Diese monetären Streichungen sollen bis 2029 „langsam ausschleichen“ und beginnen in 2024 mit einer Reduzierung von Urlaubs- und Weihnachtsgeld um 25 Prozent. Ab Ende 2029 wolle man sich wieder auf das Niveau des Flächentarifvertrages begeben, so Lintner.

Freiwilliges Austrittsprogramm: 160 Stellen weniger

Ein wichtiger Baustein des Vertrages bleibt jedoch der Stellenabbau. War im Februar noch von potentiell 300 Arbeitsplätzen die Rede, so konnte die Zahl nun auf 160 reduziert werden. Derzeit sind bei E.G.O. noch 1.346 Personen angestellt. Der Stellenabbau solle jedoch nicht durch betriebsbedingte Kündigungen erfolgen, betonte Lintner, sondern über ein freiwilliges Austrittsprogramm.

Infoveranstaltungen ab Juni

„Wir haben sehr viele ältere Mitarbeitende“, erläuterte die Personalleiterin. Aufgrund dieser Mitarbeiterstruktur sei man zuversichtlich über das Gelingen des Austrittsprogramms. Dieses stehe aber für alle Mitarbeitenden offen, unabhängig von der Altersklasse. „Es ist ein offenes Angebot an alle“, so Lintner. Ab Juni werde E.G.O. mit Infoveranstaltungen für interessierte Mitarbeitende beginnen.

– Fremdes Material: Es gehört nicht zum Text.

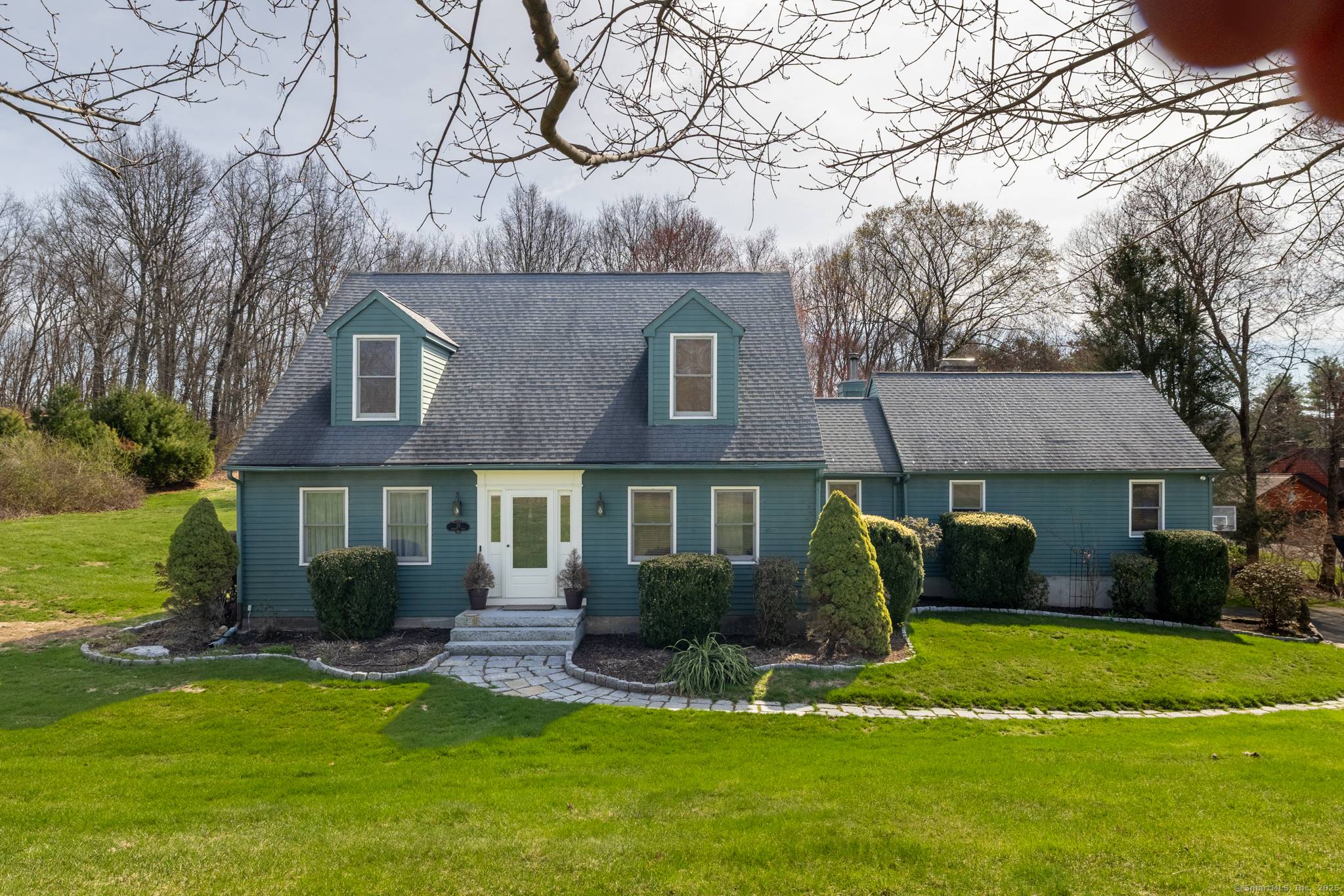 Peace and tranquility. If that is what you are looking for, you will find it here in this expansive cape.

Bekenntnis zu Induktions- und Dickschicht-Fertigung

Festgehalten in dem „Zukunftstarifvertrag 2024+“ sind aber auch Zusagen von der Unternehmensseite. Dazu gehört ein klares Bekenntnis zum Standort Oberderdingen, insbesondere zu der Induktions- und Dickschicht-Fertigung, erläuterte CEO Hörsting. E.G.O. verpflichtet sich hierbei, den Großteil der Fertigung, der Kompetenzzentren, der Logistik sowie des Anlagenbaus am Stammsitz zu erhalten. Die Produktion von Thermostaten sowie von Kochplatten soll dagegen nach Kroatien und Slowenien verlagert werden.

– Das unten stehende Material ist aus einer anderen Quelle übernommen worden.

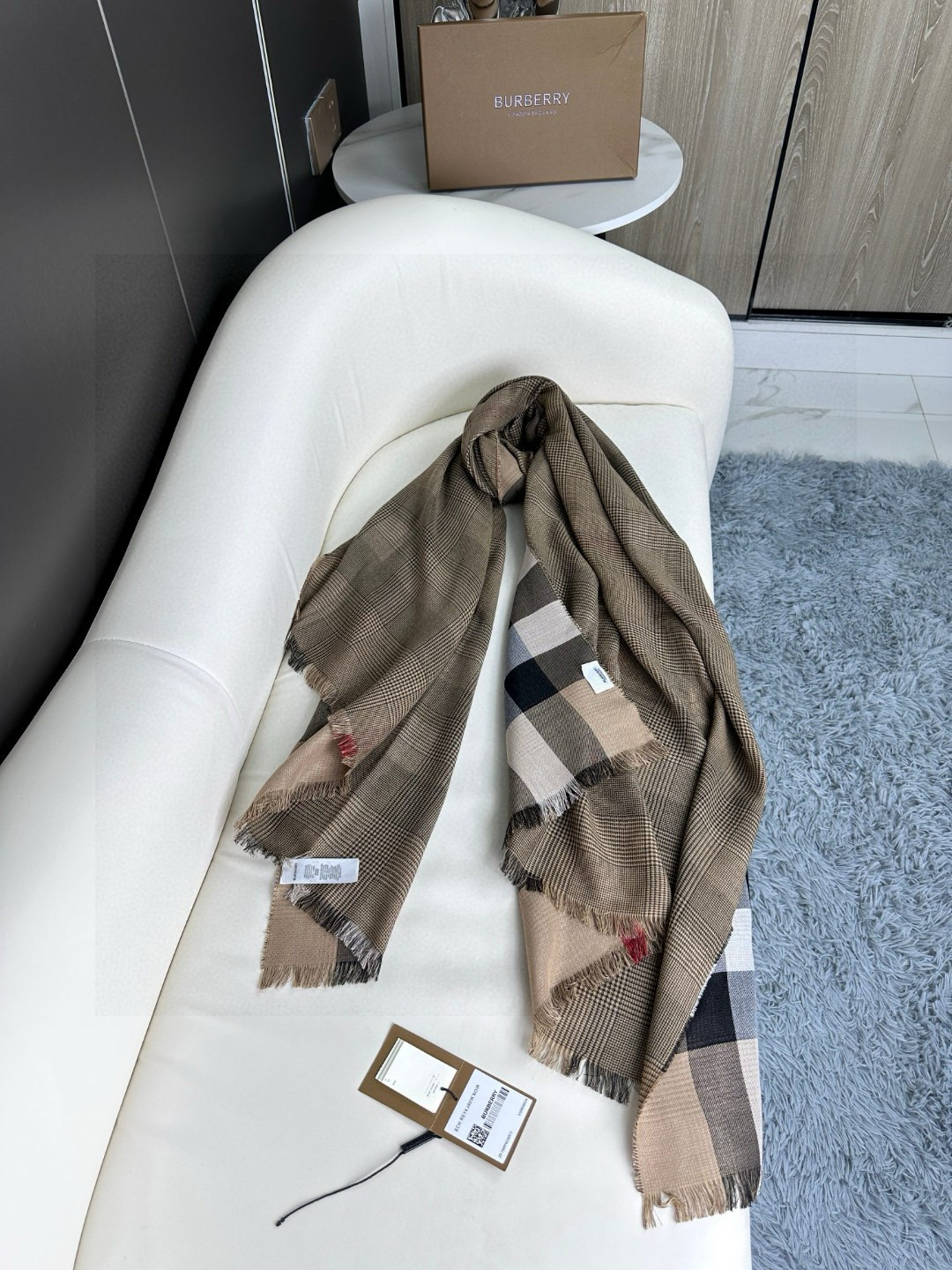  𝐁𝐮𝐫𝐛𝐞𝐫𝐫𝐲 千鸟格双面披肩 
·100%羊绒  70*200cm 大羊绒披肩 双面
一面经典格子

Weitere Investitionen werde es durch die Ausweisung von 20 jährlichen Ausbildungsplätzen geben. Und: Mitarbeitende, die aktuell einen befristeten Arbeitsvertrag haben, bekommen eine unbefristete Anstellung, ergänzte Lintner.

"Wie ein Trampolin, das Schläge abbekommt"

Vonseiten der Arbeitnehmervertreter klang die Einschätzung der Lage ernüchternder. Dirk Becker, der erste Bevollmächtigte von IG Metall Bruchsal, ordnete die Anpassungsmaßnahmen als „schmerzhafte Einschnitte für die Kolleginnen und Kollegen“ ein. Bis man zu dem nun vorliegenden Ergebnis gekommen war, hätte es viele Gespräche mit den Mitarbeitenden gegeben, berichtete er. Dabei habe man sich zuweilen gefühlt „wie ein Trampolin, das Schläge abbekommt – die oftmals eigentlich der Geschäftsführung galten“, ergänzte der Betriebsratsvorsitzende von E.G.O., Marcus Kornherr.

Kernkompetenz Anlagenbau bleibt in Oberderdingen

Bei den Gesprächen mit den Mitarbeitenden hätten sich die Sicherung der Beschäftigung sowie die Zukunftssicherung des Standortes als wichtige Pfeiler herausgestellt. Becker bedauerte, dass die Gewerkschaft nicht alle Forderungen umsetzen konnte, wie die Verhinderung der Verlagerung der Thermostat- und Kochplattenfertigung. Der Gewerkschafter sah dennoch eine „gute Perspektive in der Produktion“ und zeigte sich zufrieden darüber, dass die Kernkompetenz des Anlagenbaus in Oberderdingen verbleiben werde.

Grundentgelt wird nicht angetastet

Kornherr dagegen freute sich darüber, dass der „Zukunftstarifvertrag 2024+“ nicht das Grundentgelt der Mitarbeitenden antasten würde. Die verhandelten Ergebnisse würden wehtun, räumte er ein, seien aber dennoch verschmerzbar.

Konkrete Einsparungen nicht beziffert

Wie viel E.G.O. letztlich durch die neuen vertraglichen Vereinbarungen einspart, konnte CEO Hörsting nicht konkret beziffern. Sollten die nun getroffenen Anpassungsmaßnahmen gut anlaufen, gebe es jedenfalls eine Rückzahlungsoption. „Dann können die Mitarbeitenden einen Betrag zurückbekommen“, so Kornherr, ohne eine konkrete Summe zu nennen.